AUX MANES DE CÉSARION.106-a
Qu'entends-je, juste Dieu! Quelle affreuse nouvelle!
Césarion n'est plus! le livide trépas
Tranche, de sa faux cruelle,
Le fil de ses beaux jours, ses charmes, ses appas!
Quel affreux désespoir! Ami tendre et fidèle,
Je sens mille poignards qui me percent le cœur;
Ah! ce cœur déchiré palpite de fureur.
Tu n'es plus! c'en est fait, ma perte est éternelle.

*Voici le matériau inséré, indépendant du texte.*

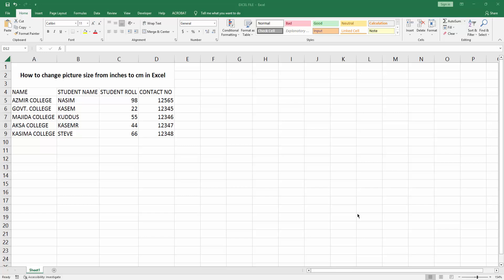Assalamualaikum. Hello friends, how are you? Welcome back to another video. In this video, I'm going to show you how to change picture size from inches to centimeters in Microsoft Excel. Let's get started.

Mon amour, qui te suit jusqu'aux bords du néant,
Au delà du trépas te respecte et t'honore;
Oui, je t'estimai vivant,
Et je te chéris encore.
Tu vis, sans t'ébranler, la mort qui nous détruit;
Dans ce moment affreux dont frémit la nature,
Ton courage étonnant te soutient, te conduit,
Et ton âme juste et pure
Méprisa des enfers la frivole imposture
Et les sombres terreurs d'un avenir fortuit.
Si, durant tes beaux jours, tu suivis Épicure,
Par un généreux effort
Tu surpasses Zénon au moment de la mort.
Hélas! qu'est devenu ce cœur si magnanime,
<93>Cet esprit tendre et sublime?
Vit-il encor? n'est-il plus?
Grand Dieu! quel affreux abîme!
Tout est anéanti, l'esprit et ses vertus :
S'il respirait encor, son ombre ou sa pensée
De l'empire des morts se serait élancée
Vers le séjour des vivants,
Pour soulager mes tourments.
Ah! triste souvenir! regret plein d'amertume!
Stoïcisme insensé, vainement tu présume
De garantir l'esprit contre les coups du sort.
J'ai cru mon âme impassible,
A tout malheur insensible;
Je suis détrompé : ta mort.....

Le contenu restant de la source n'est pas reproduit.